Now that housing is crashing, the New York Times sees it fit to join the "told you so" crowd, lashing out at experts, the very experts they chose to cite over and over in their articles, for having not foreseen the bubble. Let's tune in:

ONE great puzzle about the recent housing bubble is why even most experts didn’t recognize the bubble as it was forming...The failure to recognize the housing bubble is the core reason for the collapsing house of cards we are seeing in financial markets in the United States and around the world.

It seems the height of hypocrisy that the NYT, an entity which repeatedly chose to cite individuals who had a vested interest in perpetuating the housing bubble over the contrarian experts who accurately predicted what was to happen, yet that the NYT is coming away from all of this criticizing the very experts they chose to showcase. In fact, even this week the Times is still going to the same losers for more expert advice. Is it any wonder what the outcome will be?

Furthermore, these people are being influenced by agencies like the National Association of Realtors, which is conducting a public-relations campaign intended to show that putting money into housing is a reliable way to build wealth. Under these circumstances, it’s easy to understand how even experts could come to believe that housing is a spectacular investment.
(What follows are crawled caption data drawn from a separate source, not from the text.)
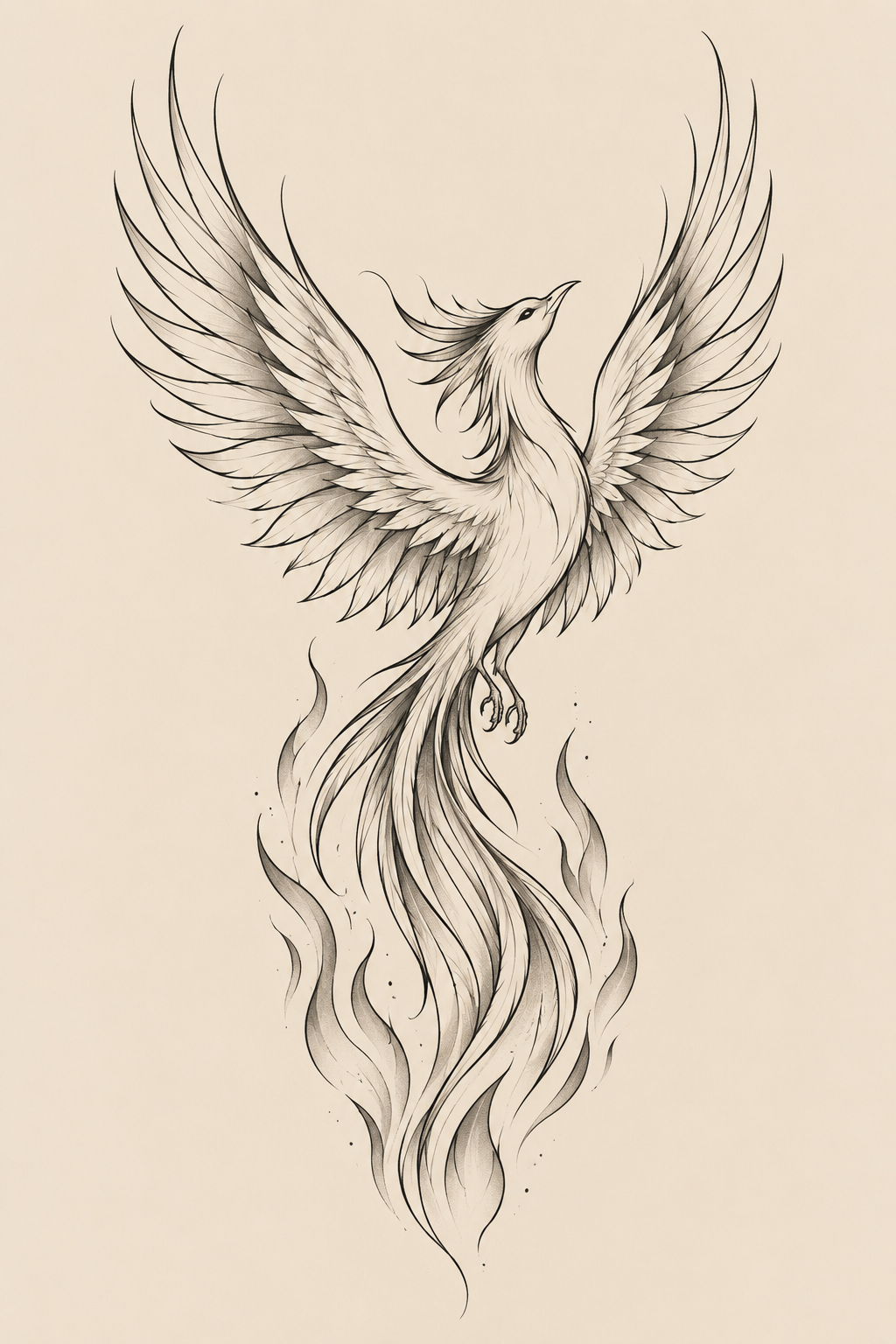 small Greek mythology tattoos: The Phoenix Rising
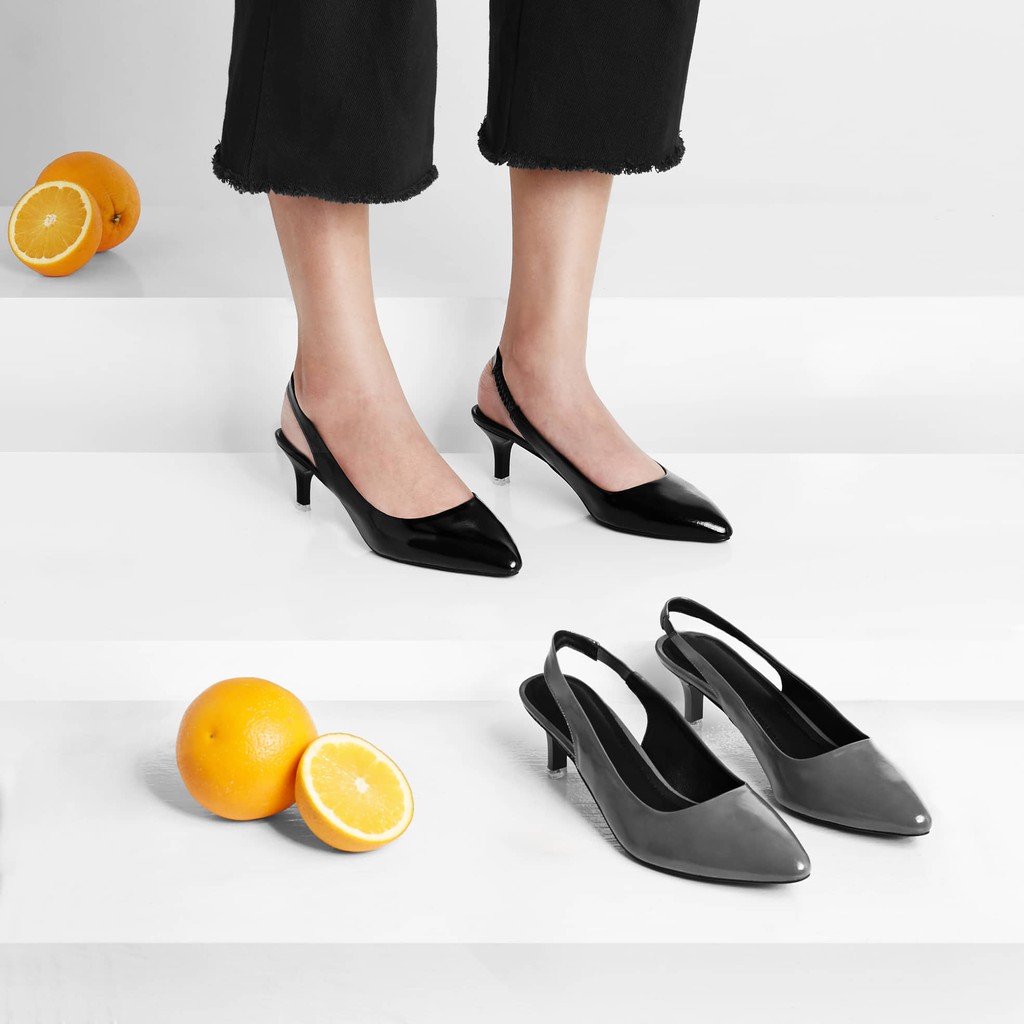 Giày Basic Kitten Heel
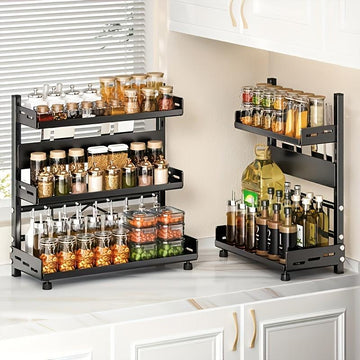 Rack suitable for multifunctional kitchen countertops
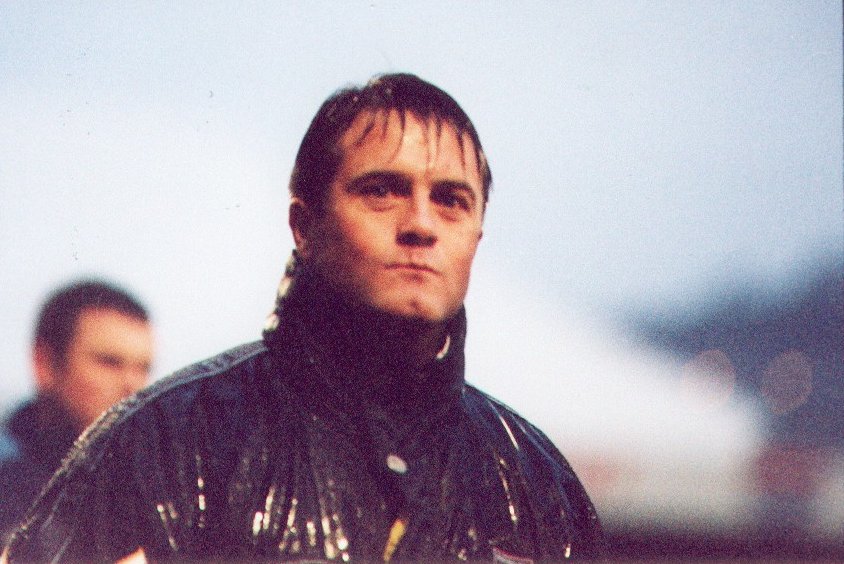 A very soggy Micky Adams, Swansea city game 19 December 1999
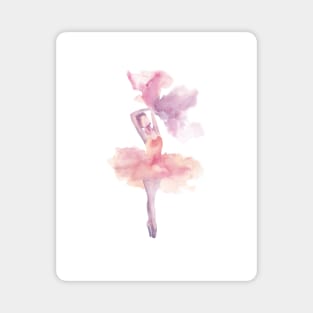 Pink And Yellow Ballerina Magnet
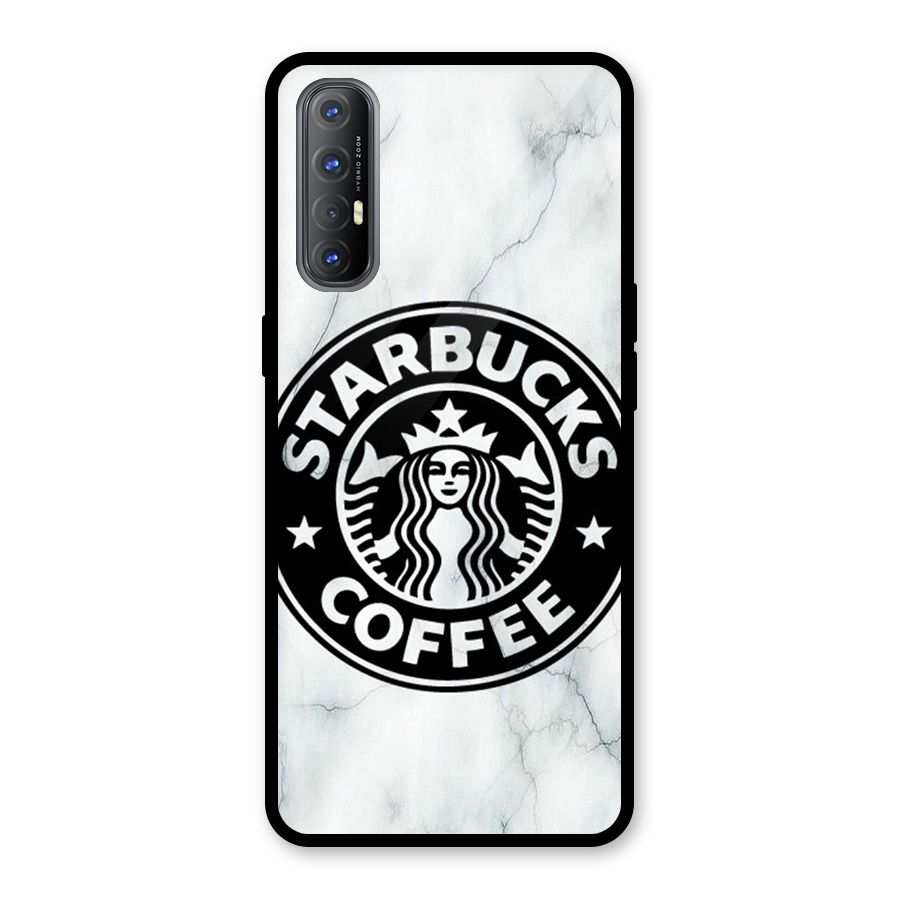 StarBuck Marble Glass Back Case for Oppo Reno3 Pro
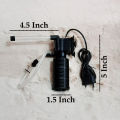 RS-604 3in1 Internal/Underwater Water Filter Pump - Oxygen Supply, Rain Spray, and Water & Dust Filtration For Salt Water & Fresh Water Fish Tank.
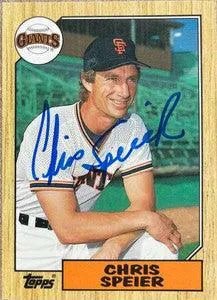 Chris Speier Signed 1987 Topps Traded Baseball Card - San Francisco Giants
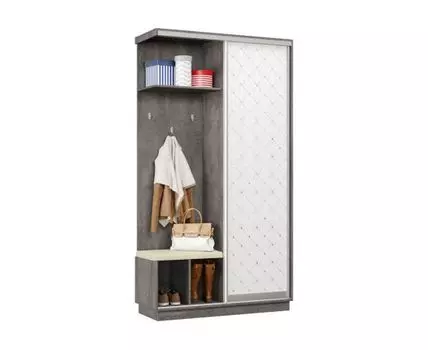 Прихожая Маршал Лайт (2400 мм, 450 мм, Закрытые, Белый, 1200 мм)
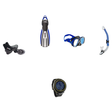 Mares Open Water Diver Course Package – Force-X LS Mask + Avanti 4X Fins + Ergo Dry Snorkel + 5mm Trilastic Boots + Puck 4 D…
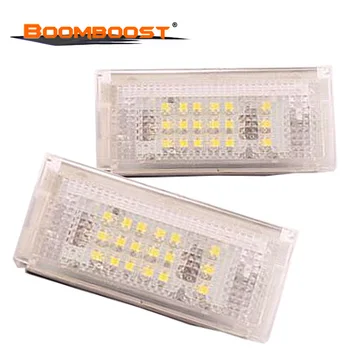 

Fit for BMW 3 Series E46 2D M3 1998-2003 2pcs/lot 3528SMD Tail Light Assembly License Plate Light Lamp 18LED Bright White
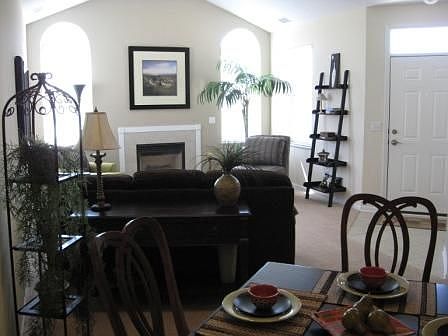 Dining Area and Living Room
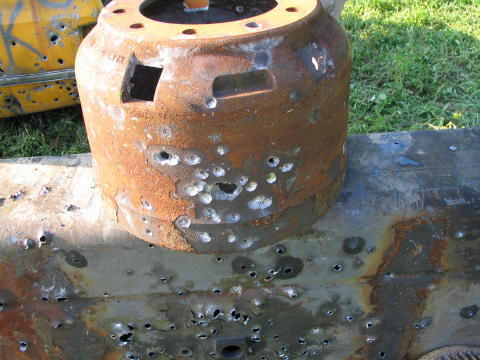 2004 Shoot Brake Drum Holes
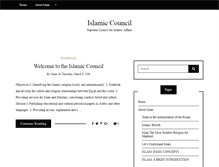 Tablet Screenshot of islamic-council.com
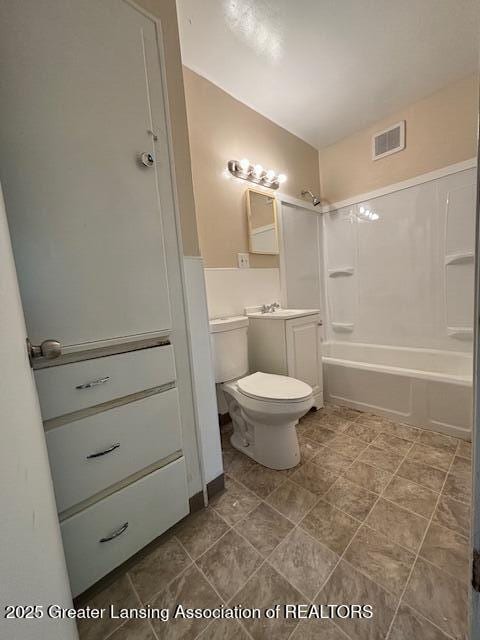 704 Mckim Ave, Lansing, MI 48910 - full bathroom with vanity and  shower combination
This is clearly the most offensive bit of the article since, as was mentioned before, anyone with a decent memory will vividly remember near daily quotes from experts at the NAR, published in the NYT, regarding the housing outlook (the NAR, for those not in the know, is infamous for inaccurately predicting outcomes and projecting overly optimistic economic outlooks).

The fundamental problem is that the information obtained by any individual — even one as well-placed as the chairman of the Federal Reserve — is bound to be incomplete.

It's not entirely clear what this statement is intended to mean, but I take it as an excuse for the Fed chairman having missed the housing bubble. When so many contrarian economists were sounding the alarm, there's no excuse for anyone to have not seen what was coming, particularly the Fed chairman. The idea that the Fed chairman has inadequate information is just ridiculous.

It is clear that just such an information cascade helped to create the housing bubble.

I couldn't agree more. The New York Times stands guilty.

There is a slight catch to all of this, that this article was written by Robert Shiller, one of the economists who actually did foresee the problems with housing. Unfortunately though, the New York Times having ran this piece can be seen as an obvious attempt to wash over their hypocrisy with Mr. Shiller's credibility. Fortunately for us, we're not so easily taken.